In sequence, NDP5 will be the third five-year implementation vehicle towards Vision 2030 and will be implemented from the financial year 2017/18 up until 2021/22.
The NDP5 framework is organised around the four interconnected pillars that are founded on the principle of sustainable development namely: economic progression; social transformation; environmental sustainability; and good governance.
These pillars are aligned with Namibia’s commitment to eradicate poverty and inequality as outlined in Vision 2030, the Harambee Prosperity Plan (2016), and the SWAPO Party Manifesto (2014). Additionally, the pillars support the global and continental development frameworks to which Namibia is committed.
These include Agenda 2030, Sustainable Development Goals (SDGs), The Paris Agreement (CoP21); African Union (AU) Agenda 2063 and SADC Regional Indicative Strategic Development Plan (RISDP).

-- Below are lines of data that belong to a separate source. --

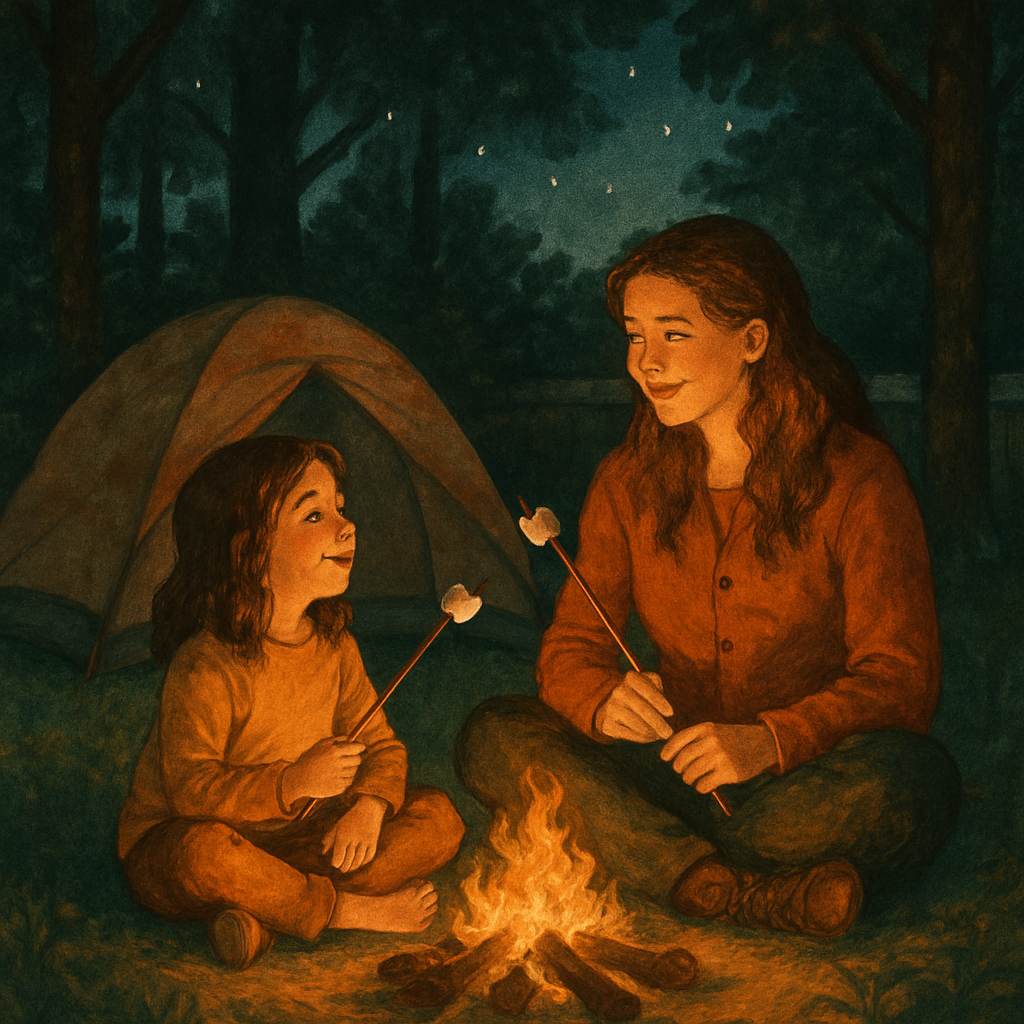 Backyard Camping Story Paint by numbers art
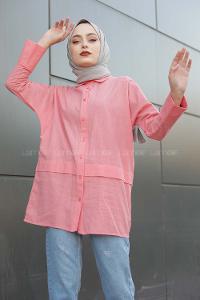 Modalamelif Önü Katlı Keten Gömlek Şeker Pembesi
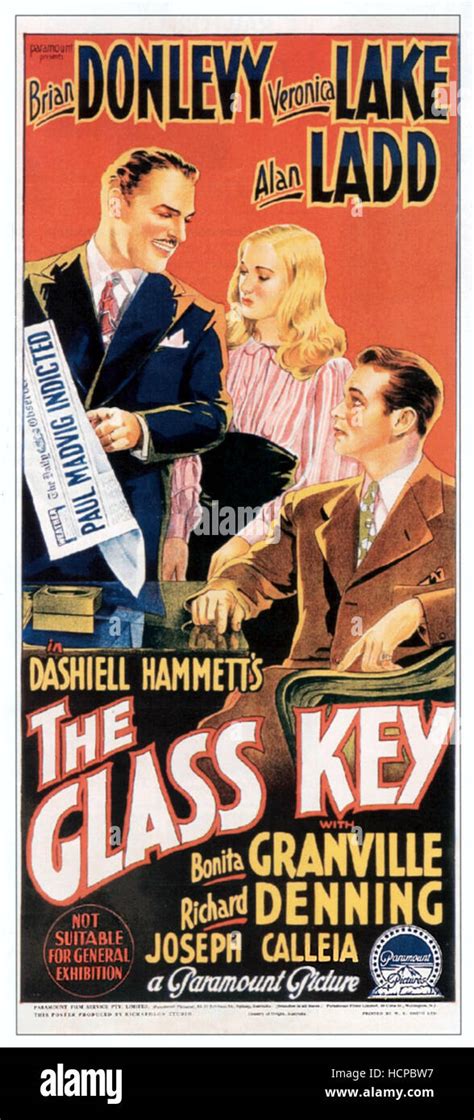 The Glass Key From Left Brian Donlevy Veronica Lake Alan Ladd On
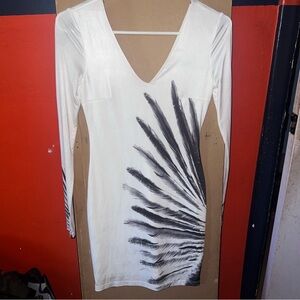 Bebe Cream and Black Long Sleeve Dress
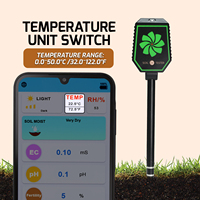 Alat Uji Tanah Pintar BT 8-in-1, Pengukur Digital pH, EC, Garam, Kesuburan, Kelembapan, dan Suhu dengan Pencatatan Data dan Pemantauan melalui Aplikasi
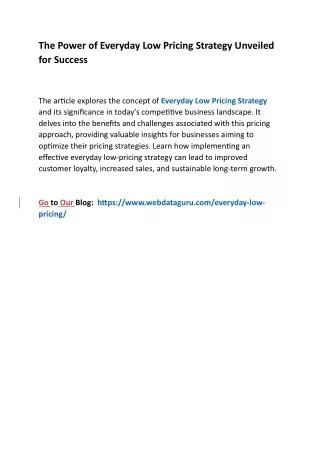 The Power of Everyday Low Pricing Strategy Unveiled for Success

Within these contexts, Namibia commits itself to enhancing growth and economic diversification while addressing challenges that include a high degree of regulation and a mismatch between the skill levels in Namibia’s work force and the skills demanded by the labour market.
NDP5 identifies five game changers that will move Namibia from a reactive, input-based economy towards a proactive, high performing economy.
The game changers are: increase investment in infrastructure development; increase productivity in agriculture, especially for smallholder farmers; invest in quality technical skills development; improve value addition in natural resources; achieve industrial development through local procurement.
Youth empowerment: Moulding Youth to Become Productive Citizens
Where We Are
The youth population is a valuable asset as they are the successors upon whom a country depends for the continuity of development. The youth population constitutes 37 percent of the population.
Because Namibia is currently undergoing a demographic transition, the country has an opportunity for accelerated economic growth if it can leverage its large number of young workers to help build the economy.
In 2014, youth unemployment was at 39.2 percent. This accounted for 74 percent out of total unemployment and is higher than the youth unemployment in Botswana (33.9 percent), Zambia (25.1 percent) and Malawi (13.8 percent).
In 2014, the Not in Education and Not in Employment or Training (NEET) rate which reflect youth who are not part of the labour force for reasons other than education and training fell from nearly 34 percent in 2013 to 24 percent in 2014, indicating that more youth are enrolling in schools or absorbed in the labour market.
Most youth are not making it through their school years till completion of at least Grade 12. In 2012, only a quarter of learners were registered in Grade 12 compared to the number that was registered in Grade 1 in 2002.
By 2022, youth are empowered and have adequate opportunities to actively participate in the economy and the youth development index has increased from 0.49 in 2013 to 0.58.
Access to productive assets, capital, land and skills affects progress in youth empowerment. HIV prevalence rate is still high at 16.3 percent and 2.3 percent for age group 15-19 and increasing to 22.8 percent between the ages 30-34.
Further, teenage pregnancy persists as the proportion of teenagers who have had a live birth rises rapidly with age, increasing from 3 percent at age 15 to 27 percent at age 19.